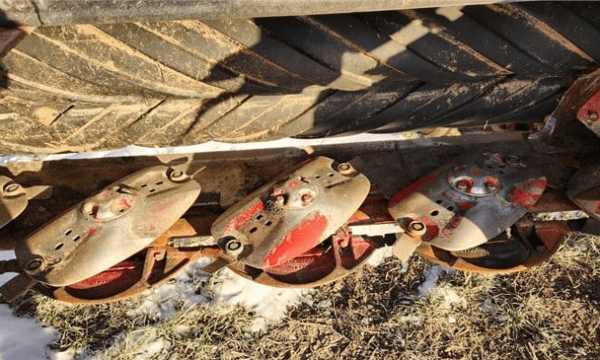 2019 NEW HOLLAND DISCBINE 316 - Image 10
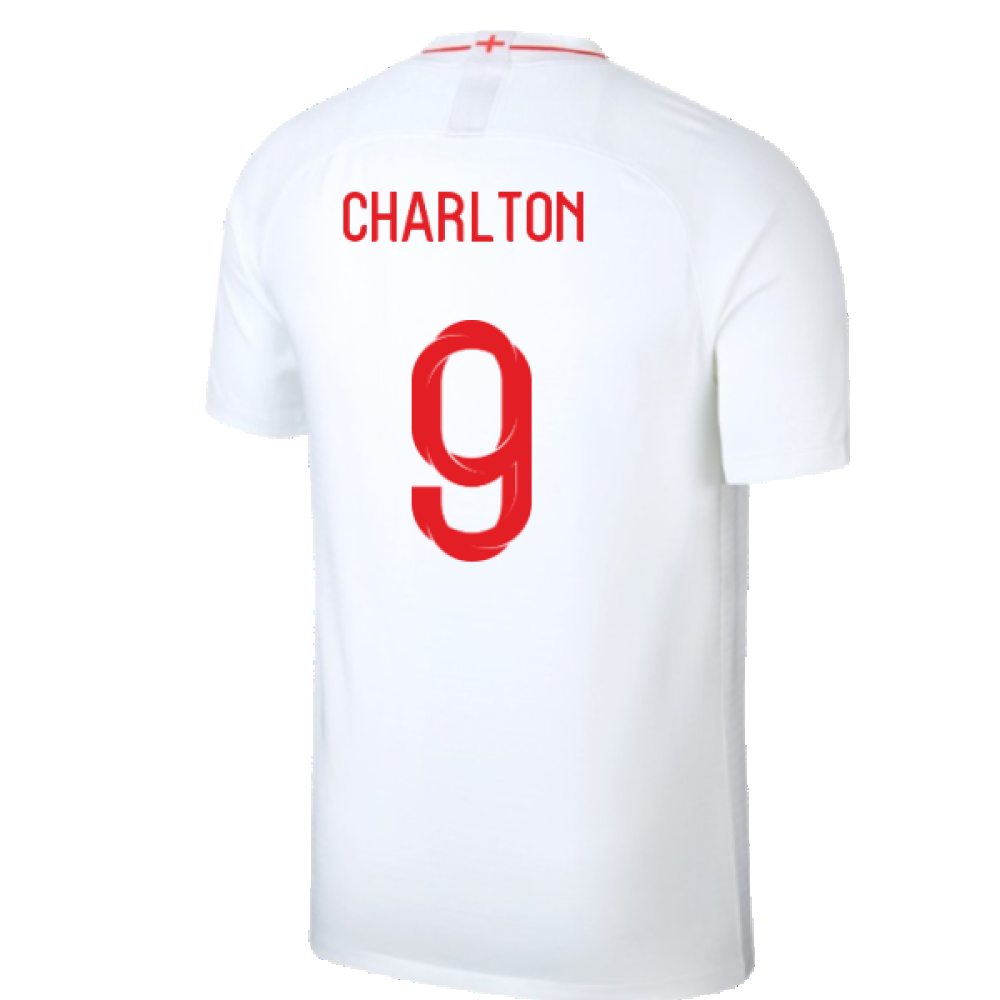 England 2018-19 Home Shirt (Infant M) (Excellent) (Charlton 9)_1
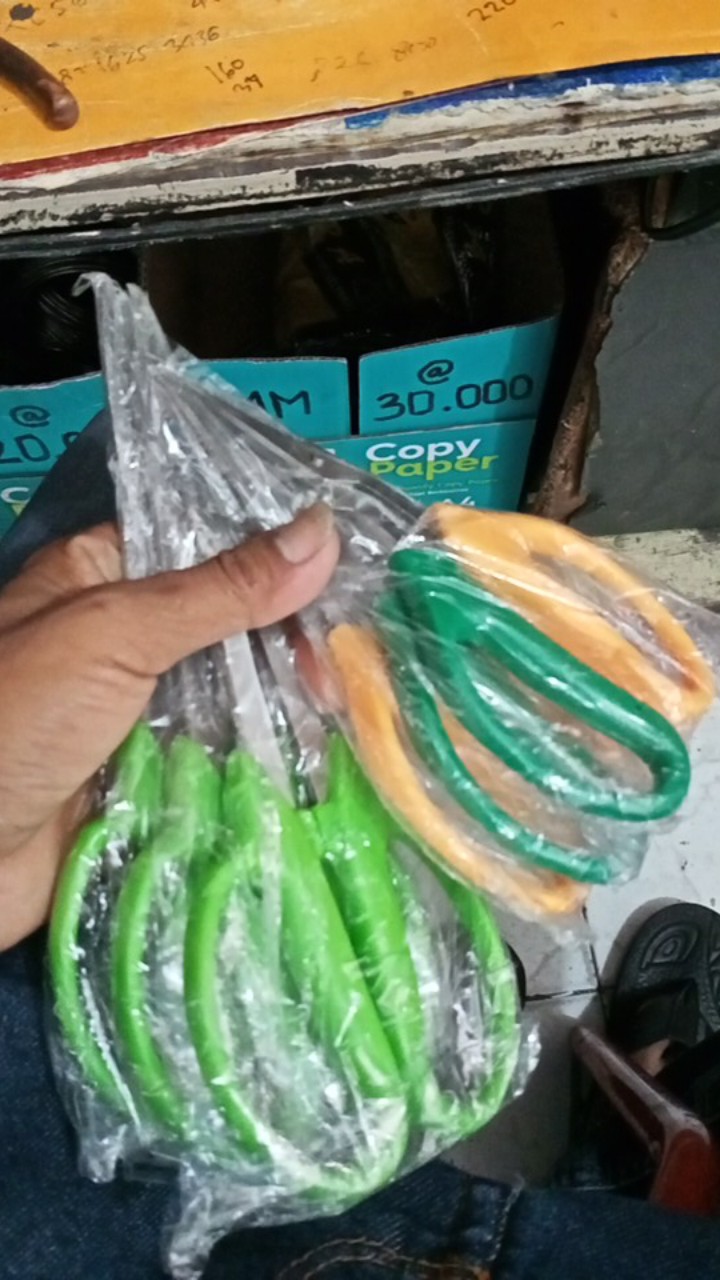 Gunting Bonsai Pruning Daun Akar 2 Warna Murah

* * *

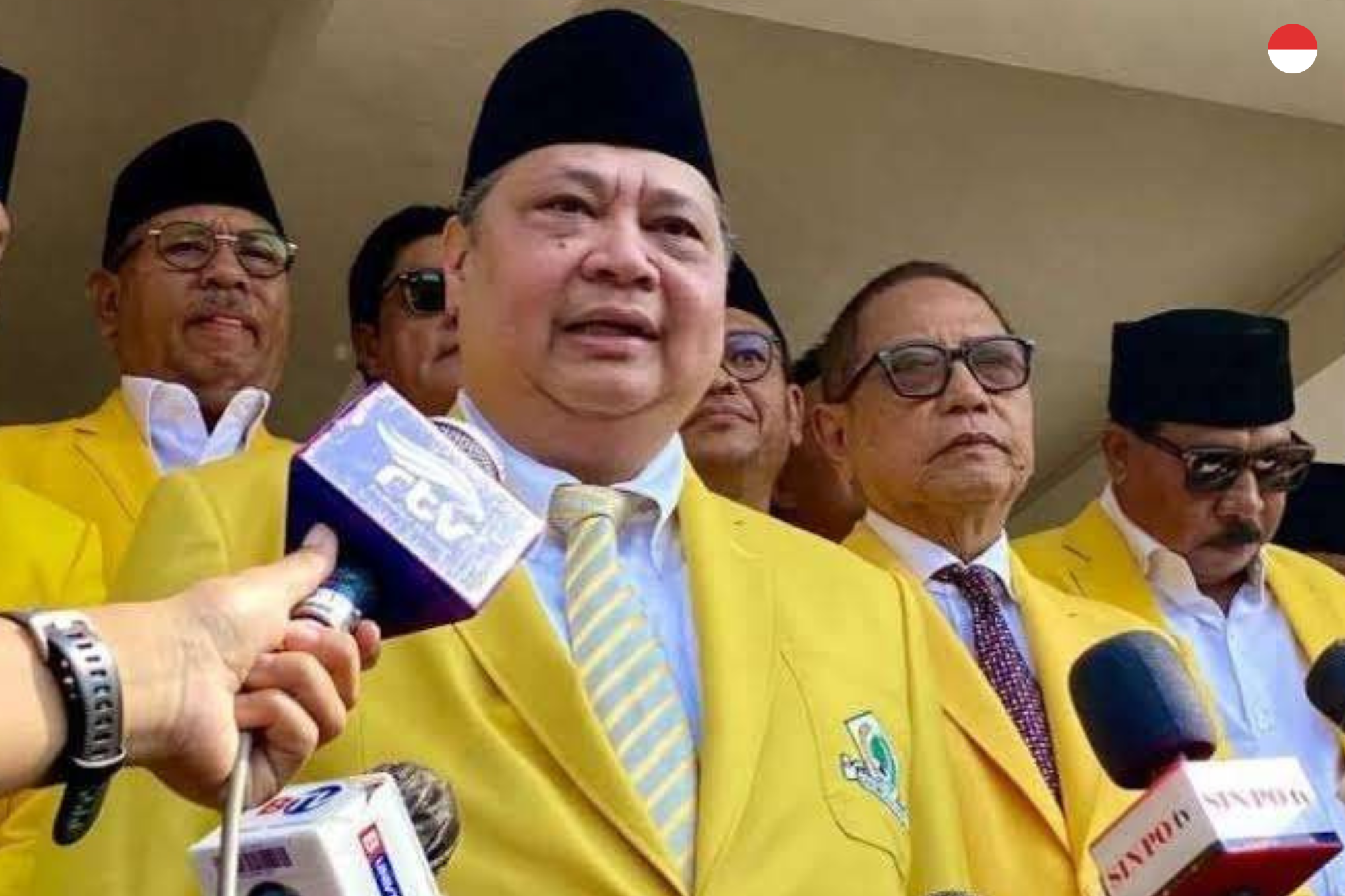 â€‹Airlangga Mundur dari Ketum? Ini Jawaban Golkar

==

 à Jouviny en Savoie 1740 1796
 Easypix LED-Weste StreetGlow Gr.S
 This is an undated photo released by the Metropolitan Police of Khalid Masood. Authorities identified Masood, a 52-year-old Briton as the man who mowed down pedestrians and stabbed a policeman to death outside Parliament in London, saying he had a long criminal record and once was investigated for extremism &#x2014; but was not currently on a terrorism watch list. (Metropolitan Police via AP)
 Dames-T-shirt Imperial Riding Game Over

### WHAT YOU SHOULD DO
From the listing above, restate verbatim the lines running from the one with "England 2018-19 Home" through the one with "Gunting Bonsai Pruning", inclusive, but not the pictures.

### RESPONSE BOX
 England 2018-19 Home Shirt (Infant M) (Excellent) (Charlton 9)_1
 Gunting Bonsai Pruning Daun Akar 2 Warna Murah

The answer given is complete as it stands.